I am running a LASSO regression, but am put off by the different values of lambda each time I run the cross-validation. Does it make sense to run a cross validation multiple times, take the mean error associated with each lambda value, and then choose lambda.1se (i.e., the largest lambda resulting in error within 1 se of the minimum) from the distribution of lambdas and mean errors?
library(glmnet)
set.seed(3)
IV1 <- data.frame(IV1 = rnorm(100))
IV2 <- data.frame(IV2 = rnorm(100))
IV3 <- data.frame(IV3 = rnorm(100))
IV4 <- data.frame(IV4 = rnorm(100))
IV5 <- data.frame(IV5 = rnorm(100))
DV <- data.frame(DV = rnorm(100))
data <- data.frame(IV1,IV2,IV3,IV4,IV5,DV)
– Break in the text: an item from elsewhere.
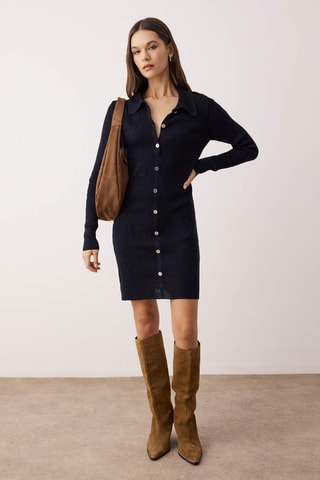 Vestido jersey - Azul marino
x <- model.matrix(DV~.-IV5 , data)[ , -1]
y <- data$DV
lambdas <- NULL
n.fits <- 100
for (i in 1:n.fits) {
{
fit <- cv.glmnet(x,y)
errors = data.frame(fit$lambda,fit$cvm)
lambdas <- rbind(lambdas,errors)
r2[i]<-max(1-fit$cvm/var(y))
}
# take mean cvm for each lambda
lambdas <- aggregate(lambdas[, 2], list(lambdas$fit.lambda), mean)
lambdas<-as.data.frame(lambdas)
# find subset with mse within 1 se of mean
onese<-std.error(lambdas[2])
min<-min(lambdas[2])
low<-min-onese
high<-min+onese
lambdas<-subset(lambdas, x>low)
lambdas<-subset(lambdas, x<high)
#choose highest lambda among those
bestindex = which(lambdas[1]==max(lambdas[1]))
bestlambda = lambdas[bestindex,1]
Edit: My question is unique because I am asking about how to implement the one standard error rule after iterating the cross validation.
Edit 2: It's possible my question isn't clear. I am being linked to a previous question which is different. That one talks about running cross validation once and choosing the best lambda from that process. I would like to run cross validation multiple times, averaging over the different results, and choosing the best lambda based off of that. I would like to know if my code is an acceptable way of doing that.